I am sorry, it's probably very basic question, but I have great hole in head and can't figure it out. I need to separate denominator, like that:
$ \frac { 1 } { n _ { 0 } + n _ { 1 } + n _ { 2 } + \ldots } = \frac { A } { n _ { 0 } } + \frac { B } { n _ { 1 } } + \frac { C } { n _ { 2 } } + \dots $
Please could anyone give some hint. For any help thanks in advance.
There are too many degrees of freedom. This means there are many (infinite even) ways to do this.
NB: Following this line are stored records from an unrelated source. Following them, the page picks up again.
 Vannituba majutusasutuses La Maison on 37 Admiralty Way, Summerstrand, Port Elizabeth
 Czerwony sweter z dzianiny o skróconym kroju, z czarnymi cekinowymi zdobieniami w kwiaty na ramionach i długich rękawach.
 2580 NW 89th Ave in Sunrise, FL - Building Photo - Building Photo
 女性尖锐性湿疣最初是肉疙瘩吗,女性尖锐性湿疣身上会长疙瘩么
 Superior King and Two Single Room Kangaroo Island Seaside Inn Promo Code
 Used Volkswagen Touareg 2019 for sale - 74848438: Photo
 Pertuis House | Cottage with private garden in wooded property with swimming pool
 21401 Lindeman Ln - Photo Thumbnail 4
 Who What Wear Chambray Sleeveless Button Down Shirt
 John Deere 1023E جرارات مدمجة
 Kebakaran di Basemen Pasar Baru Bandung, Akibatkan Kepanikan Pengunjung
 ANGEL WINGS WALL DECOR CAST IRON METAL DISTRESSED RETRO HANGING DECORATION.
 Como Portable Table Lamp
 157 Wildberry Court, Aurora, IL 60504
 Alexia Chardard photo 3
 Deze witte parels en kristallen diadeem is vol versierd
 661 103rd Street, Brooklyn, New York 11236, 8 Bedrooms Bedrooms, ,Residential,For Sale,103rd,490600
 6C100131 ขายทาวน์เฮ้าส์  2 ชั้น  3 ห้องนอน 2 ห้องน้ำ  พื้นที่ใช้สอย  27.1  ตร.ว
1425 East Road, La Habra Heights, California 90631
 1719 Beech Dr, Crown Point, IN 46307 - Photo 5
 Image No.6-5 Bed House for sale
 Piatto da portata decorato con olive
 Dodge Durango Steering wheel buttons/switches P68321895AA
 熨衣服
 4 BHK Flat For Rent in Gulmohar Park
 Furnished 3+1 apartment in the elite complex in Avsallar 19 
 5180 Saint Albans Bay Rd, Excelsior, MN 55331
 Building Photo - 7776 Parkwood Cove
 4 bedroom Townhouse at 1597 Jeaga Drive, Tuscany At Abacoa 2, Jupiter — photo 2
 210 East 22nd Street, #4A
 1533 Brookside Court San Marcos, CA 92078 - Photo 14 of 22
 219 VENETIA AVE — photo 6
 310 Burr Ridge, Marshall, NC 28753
For instance, consider the case with two variables: $$ \frac{1}{a+b} = \frac{c}{a} + \frac{d}{b} $$ Notice that you have one equation with two unknown variables! This means we can simply set $c$ to be some constant, e.g. $1$, and then solve for $d$, getting: $$ d = b\left( \frac{1}{a+b} - \frac{c}{a} \right) = b\left( \frac{1}{a+b} - \frac{1}{a} \right) $$ for $c=1$. Of course you could choose anything for $c$.
Let's do it in general. Let: $$ S = \left[ \sum_{i=1}^m x_i \right]^{-1} $$ Then we want to find $\{a_i\}_{i=1}^m$ such that: $$ S = \sum_{i=1}^m \frac{a_i}{x_i} $$ Well, since there is one equation, we have $m-1$ degrees of freedom. Let us fix all the parameters except $a_j$. Essentially we shall freely choose values for $\{a_i\}_{i\ne j}$, at the cost of $a_j$ not being free (i.e. $a_j$ is constrained by the values we choose for $a_i$. Solving for $a_j$ we get: $$ S =\frac{a_j}{x_j} + \sum_{i\ne j} \frac{a_i}{x_i} \;\;\;\implies\;\;\; a_j = x_j\left( S - \sum_{i\ne j} \frac{a_i}{x_i} \right) $$
Cool. So now we can choose some values for the $a_i$'s, and this will fix the value of $a_j$.
For example, let's choose $a_i=x_i\;\forall\;i\ne j$. Then we get: $$ a_k = \begin{cases} x_k & k\ne j\\ x_j(S^{-1}-m+1) & k=j \end{cases} $$
As another example, consider: $ a_i = x_iS/m $ for all $i\ne j$. Then what is $a_j$? Well: $$ a_j=x_j\left( S - \sum_{i\ne j}\frac{S}{m} \right)=x_j\frac{S}{m} $$ So we can say $a_k = x_k S/m$ for all $i\in[1,m]$ for this case.